L’histoire d’Itzakh Perlman représentait aussi à ses yeux la solitude
du musicien au cœur d’un orchestre : le musicien est à la fois seul et
entouré. Au moment du concert, il est là, avec ce qu’il est, avec ses émotions,
avec ce qu’il croit important, ce qu’il sait faire, tout ce qu’il a pu
préparer, tout ce qu’il a pu emmagasiner de réflexes, de liens, de moyens de
mémorisation , tous les gestes qu’il a
répétés des heures entières, seul ou en groupe. Mais au moment du concert, il
est là aussi avec les autres musiciens. Le violoniste joue avec les autres violons
et il devra d’abord s’harmoniser avec eux. Ensuite, il jouera avec les altos et
les violoncelles dans le premier cercle qui entoure le chef d’orchestre. Juste
derrière lui, le violoniste aura un piano, si la pièce de musique le nécessite,
les cuivres et les instruments à vent. Plus loin en face de lui, les
contrebasses complètent le deuxième cercle. Et puis le troisième cercle des
percussions ferment le rang de sa vision, de son audition, de son appréhension
de l’ensemble. Lors d’un évènement
musical qui demande à un orchestre de s’adapter à des conditions inhabituelles,
comment penser les gestes du violoniste face à sa partition autrement qu’un
geste solitaire contribuant à un résultat collectif magnifique ? Ceci
n’est pas le cas, semble-t-il, lorsque l’orchestre joue quelque chose
d’habituel, dans un contexte habituel. Le marcheur en avait discuté longuement
avec un ami violoniste professionnel d’un orchestre allemand. La routine créait
de la compétition, pas de la solidarité. Un événement important, un chef invité
prestigieux, un auditoire hors du commun, une tournée inédite, tout cela
générait les conditions qui permettaient la reconnaissance de chacun dans sa
responsabilité au résultat de l’œuvre commune créée : l’individualité au
service de l’ensemble.
Ces mêmes schémas se retrouvaient dans le sport, le théâtre ou le
cinéma, autant de mondes dans lesquels les individualités sont fortes et la
compétition au cœur de tous les instants.

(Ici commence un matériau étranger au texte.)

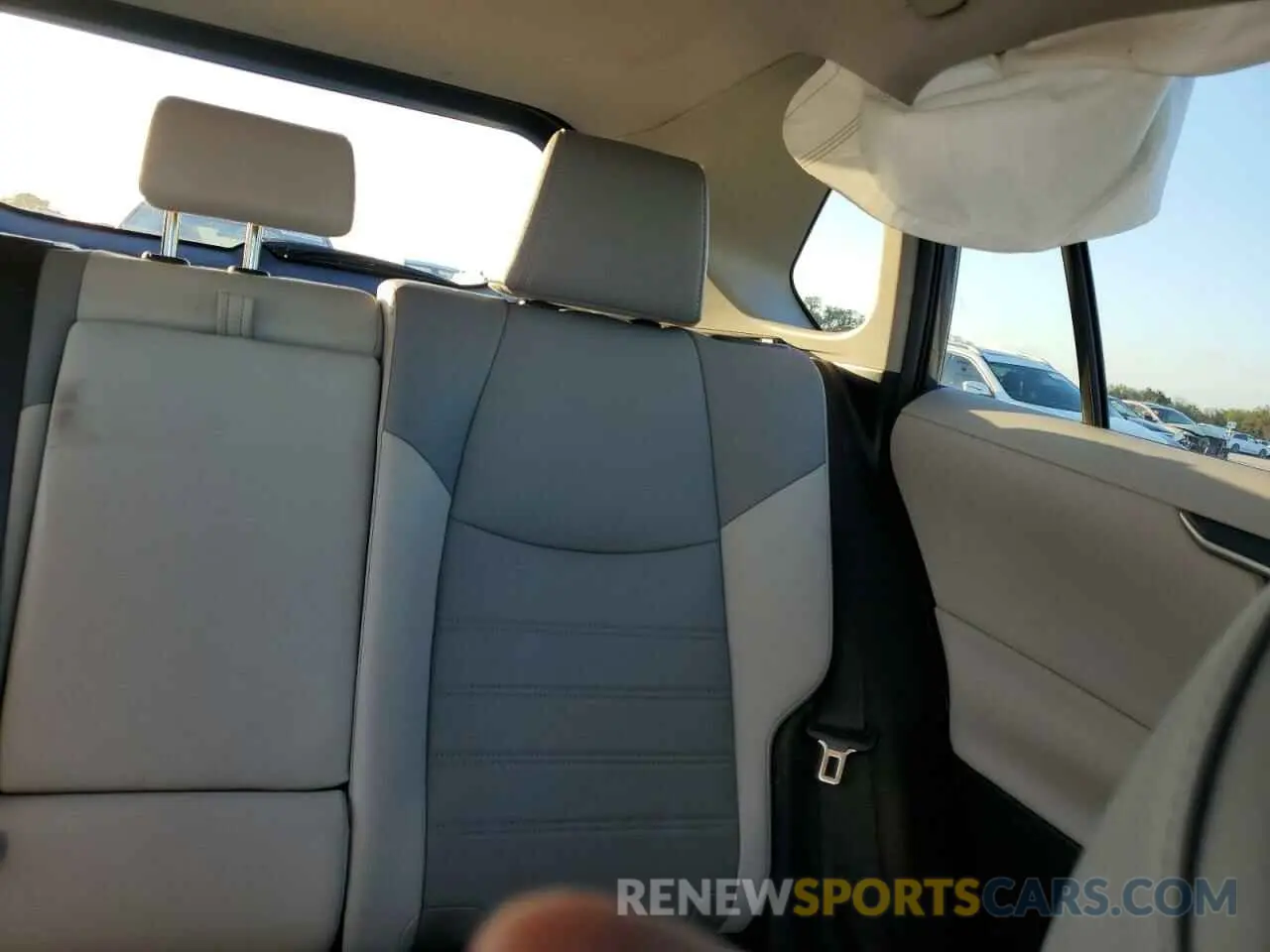 10 fotografías del automóvil dañado 2T3C1RFV7KW040611 TOYOTA RAV4 2019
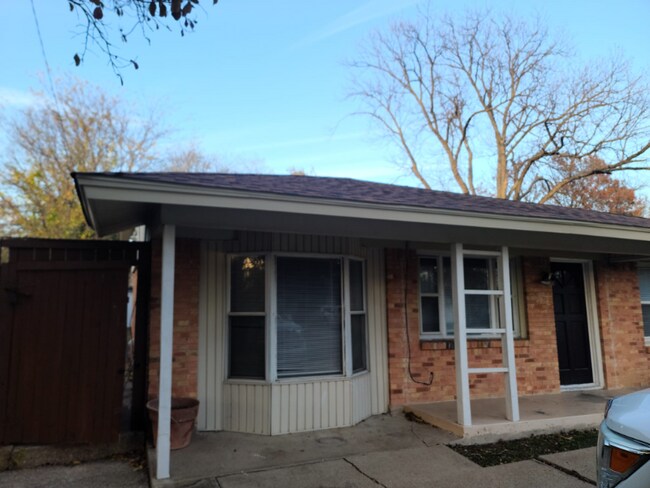 Foto del edificio - 2539 Hillsboro Ave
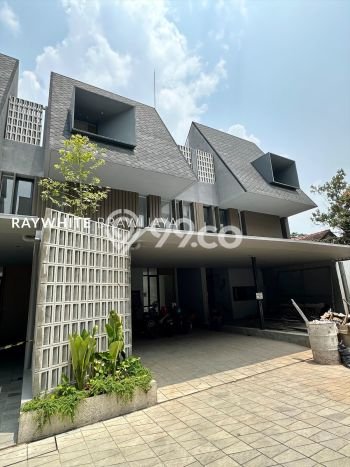 Ready to Use! Luxury House LT 144m2 Desain Elegan di Pondok Labu Ready to Use! Luxury House LT 144m2 Desain Elegan di Pondok Labu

Dans l’esprit du marcheur, ceci militait donc en faveur de la mobilité,
du nomadisme, du changement pour générer une plus grande conscience que
l’individu peut avoir de ses forces et ses faiblesses au profit du collectif.
La sédentarité rendait égoïste et conscient de la valeur de ses forces pour soi-même,
le nomadisme rendait conscient de la richesse de son individualité pour les
autres. Nomadisme et individuation restent ainsi côte à côte au profit de tous. Alors si vous croisez un jour un marcheur, un randonneur, un motard, un navigateur cheminant seul, saluez-le en souriant : il chemine aussi pour vous.